[Records from a data collection]
________________________________________

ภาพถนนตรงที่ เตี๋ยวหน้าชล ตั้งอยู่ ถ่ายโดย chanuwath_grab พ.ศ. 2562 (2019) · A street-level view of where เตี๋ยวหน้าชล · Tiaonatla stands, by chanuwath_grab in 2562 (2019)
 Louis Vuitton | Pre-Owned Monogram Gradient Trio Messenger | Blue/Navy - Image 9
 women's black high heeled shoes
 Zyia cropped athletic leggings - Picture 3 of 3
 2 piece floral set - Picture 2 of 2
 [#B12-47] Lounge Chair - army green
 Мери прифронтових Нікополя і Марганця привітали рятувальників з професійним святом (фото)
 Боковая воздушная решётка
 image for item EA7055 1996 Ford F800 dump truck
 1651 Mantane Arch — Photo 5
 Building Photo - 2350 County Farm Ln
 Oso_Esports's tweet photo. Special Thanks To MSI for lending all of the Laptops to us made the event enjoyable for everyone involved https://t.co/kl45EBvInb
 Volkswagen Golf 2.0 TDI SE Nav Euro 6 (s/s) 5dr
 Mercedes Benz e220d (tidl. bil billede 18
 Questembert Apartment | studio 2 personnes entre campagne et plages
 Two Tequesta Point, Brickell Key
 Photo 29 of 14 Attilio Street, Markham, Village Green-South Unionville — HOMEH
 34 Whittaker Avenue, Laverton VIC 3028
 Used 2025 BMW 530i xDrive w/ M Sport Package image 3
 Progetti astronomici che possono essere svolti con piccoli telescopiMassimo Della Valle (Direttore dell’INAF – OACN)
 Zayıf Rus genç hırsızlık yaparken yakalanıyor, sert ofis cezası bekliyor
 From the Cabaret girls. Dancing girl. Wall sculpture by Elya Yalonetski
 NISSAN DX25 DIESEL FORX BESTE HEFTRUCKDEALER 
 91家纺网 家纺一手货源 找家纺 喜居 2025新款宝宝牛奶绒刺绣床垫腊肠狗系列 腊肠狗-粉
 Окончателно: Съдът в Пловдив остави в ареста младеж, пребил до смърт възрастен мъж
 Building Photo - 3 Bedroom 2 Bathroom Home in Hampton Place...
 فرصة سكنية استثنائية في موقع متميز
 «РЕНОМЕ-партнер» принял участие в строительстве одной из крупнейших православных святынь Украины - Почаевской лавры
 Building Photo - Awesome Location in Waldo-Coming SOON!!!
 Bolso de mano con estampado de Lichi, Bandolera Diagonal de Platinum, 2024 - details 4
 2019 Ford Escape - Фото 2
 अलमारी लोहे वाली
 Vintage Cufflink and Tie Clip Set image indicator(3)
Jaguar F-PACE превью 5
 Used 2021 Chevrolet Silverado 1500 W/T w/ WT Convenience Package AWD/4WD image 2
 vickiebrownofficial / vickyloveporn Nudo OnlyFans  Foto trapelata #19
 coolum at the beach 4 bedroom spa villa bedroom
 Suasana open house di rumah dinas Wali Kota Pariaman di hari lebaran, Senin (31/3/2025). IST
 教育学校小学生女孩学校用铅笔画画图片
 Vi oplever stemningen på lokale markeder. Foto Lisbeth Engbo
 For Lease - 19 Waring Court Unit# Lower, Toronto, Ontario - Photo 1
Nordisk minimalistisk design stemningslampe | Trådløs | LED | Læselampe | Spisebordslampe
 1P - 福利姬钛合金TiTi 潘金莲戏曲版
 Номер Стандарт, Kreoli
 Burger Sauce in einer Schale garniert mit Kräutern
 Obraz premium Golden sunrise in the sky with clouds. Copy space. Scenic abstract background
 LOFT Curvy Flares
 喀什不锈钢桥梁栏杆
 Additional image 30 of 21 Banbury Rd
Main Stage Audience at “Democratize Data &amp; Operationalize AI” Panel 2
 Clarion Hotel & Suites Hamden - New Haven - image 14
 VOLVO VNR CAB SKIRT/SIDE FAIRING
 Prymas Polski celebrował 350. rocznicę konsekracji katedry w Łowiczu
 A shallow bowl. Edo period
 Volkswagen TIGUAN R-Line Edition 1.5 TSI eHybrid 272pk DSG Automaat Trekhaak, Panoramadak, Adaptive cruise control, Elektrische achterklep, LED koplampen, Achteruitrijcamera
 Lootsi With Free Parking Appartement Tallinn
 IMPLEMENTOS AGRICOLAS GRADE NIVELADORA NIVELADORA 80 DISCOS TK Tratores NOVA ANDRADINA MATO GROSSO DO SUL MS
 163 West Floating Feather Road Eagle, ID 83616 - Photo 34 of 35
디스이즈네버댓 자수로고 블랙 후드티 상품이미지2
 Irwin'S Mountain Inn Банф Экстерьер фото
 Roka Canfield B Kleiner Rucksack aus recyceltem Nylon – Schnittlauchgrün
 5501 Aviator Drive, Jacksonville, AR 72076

________________________________________

### EXERCISE AIM
The line containing "163 West Floating" and all lines after it, to the end of the records, are to be output exactly and alone.

### SOLUTION BELOW
 163 West Floating Feather Road Eagle, ID 83616 - Photo 34 of 35
디스이즈네버댓 자수로고 블랙 후드티 상품이미지2
 Irwin'S Mountain Inn Банф Экстерьер фото
 Roka Canfield B Kleiner Rucksack aus recyceltem Nylon – Schnittlauchgrün
 5501 Aviator Drive, Jacksonville, AR 72076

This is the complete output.